Her sister and brother-in-law, who were visiting from North Carolina, helped her begin a series of phone calls to six different public agencies but to no avail.
“We called (Roane County) animal control and got a recording; we called TWRA and they said they don’t do skunks; we called 911 and they said they had no idea,” Golliher said.
Frustrated, the Gallaher Road resident finally called the Roane County News and reached editor Terri Likens. Likens contacted the Nashville office of the Tennessee Wildlife Resources Agency and was referred to Erin Patrick, a rabies wildlife biologist covering the states of Tennessee and Kentucky for the U.S. Department of Agriculture.
“We first saw the skunk at 9:15 a.m. and by 11:25 the newspaper called Erin Patrick and Knoxville wildlife services. It took them about 45 minutes to get here,” Golliher said. “It’s like nobody in Roane County knew what to do except the newspaper.”
Patrick captured the skunk with a catch pole and took it to her office, where it was euthanized.
“When I got there, he was kind of laying in the weeds on his side.

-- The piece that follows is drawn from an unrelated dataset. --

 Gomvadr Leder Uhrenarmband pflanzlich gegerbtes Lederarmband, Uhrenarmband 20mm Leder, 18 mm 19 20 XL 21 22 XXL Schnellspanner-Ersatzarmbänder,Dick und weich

He was alive but definitely lethargic. He didn’t even spray me,” she said.
Patrick said Thursday the animal had been tested and was negative for rabies.
“We haven’t had any cases of rabies this year, at all, in Roane County,” Patrick said.
Earlier in the week, she predicted as much.
“I don’t expect this one to test positive, but you never know. It could be a lot of different things. It could’ve been hit by a car, or it could’ve been poisoned.”
Working in conjunction with local health departments, Patrick’s office does random testing of foxes, coyotes, raccoons and skunks. She said no documented cases of raccoon-variant rabies, the type that wildlife biologists are most concerned about, have been found in Roane County.
“When it does come into an area, we see a huge spike in rabies cases,” Patrick said. “It’s happened in North Carolina before.”
Patrick said dead animals suspected of being rabid can be dropped off at the Roane County Animal Shelter, where it will be put into a freezer to be picked up every couple of weeks by wildlife biologists from the USDA.
Concerned citizens may contact Patrick at 588-0299.
Testing at her office is only for animals that have not been in contact with humans or domestic animals.
For cases in which people or pets have been exposed to a sick animal, Patrick said the local health department should be notified immediately.
Laura Conner, director of the Roane County Health Department, said concerned citizens should call animal control at 354-7387 if a domestic or wild animal is suspected to have rabies and is on the loose.
If there is no answer or it is after the close of normal business hours, callers should dial 354-8045 for non-emergency central dispatch.
In the event that someone has been bitten, scratched or might have come into contact with a rabid animal, they should immediately call Conner’s office at 354-1220.
Conner said the health department is not equipped to capture a live animal.
However, once an animal is dead, an environmentalist from the health department can come out and retrieve the carcass to send it off for laboratory testing.
“If there is any kind of human exposure at all, please let us know,” Conner said.